Au-delà de l’image caricaturale de la défense des avantages dits « acquis » et autres statuts dits « immuables » que nombre de médias et think tanks d’une certaine bien-pensance libérale n’auront pas manquer de brocarder et de dénoncer car « ça coûte et ne rapporte rien », il s’agissait bien et il s’agira toujours dans les jours et sans doute mois et années à venir de défendre une certaine idée de la société, une certaine conception de la solidarité où chacun est l’obligé de tous.

Car la fonction publique c’est bien avant tout le service du public au travers d’un modèle qui se nourrit de la contribution de tous au travers de l’impôt. Personne n’aime payer l’impôt mais tout le monde veut des services. C’est ce paradoxe qu’un gouvernement proche des citoyens devrait tendre à résoudre en travaillant sur la justice fiscale tout en œuvrant, et l’UNSA ne s’y est jamais opposée, à l’amélioration des services à rendre au public.

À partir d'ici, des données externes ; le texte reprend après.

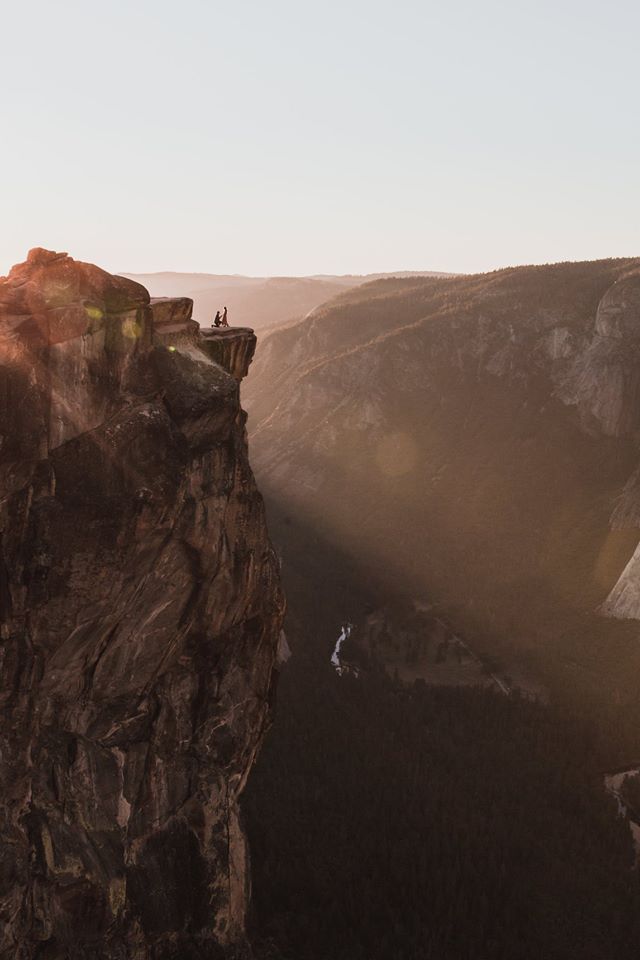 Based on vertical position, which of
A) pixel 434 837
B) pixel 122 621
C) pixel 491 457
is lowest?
pixel 434 837

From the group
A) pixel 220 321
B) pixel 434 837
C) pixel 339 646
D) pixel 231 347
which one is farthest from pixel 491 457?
pixel 231 347

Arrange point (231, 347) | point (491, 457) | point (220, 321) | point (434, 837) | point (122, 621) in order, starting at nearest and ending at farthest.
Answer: point (122, 621), point (231, 347), point (220, 321), point (434, 837), point (491, 457)

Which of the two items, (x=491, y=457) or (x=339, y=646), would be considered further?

Irresponsable et liberticide, diraient certains, tel l’ultra libéral Friedrich Hayek, qui voyait dans l’impôt, outre son caractère d’exutoire du ressentiment social, une subversion de la liberté et de la responsabilité individuelle. Mais qu’est-ce être responsable ? Prenons un exemple extrême outre-Atlantique, au pays de la liberté et de la responsabilité individuelle.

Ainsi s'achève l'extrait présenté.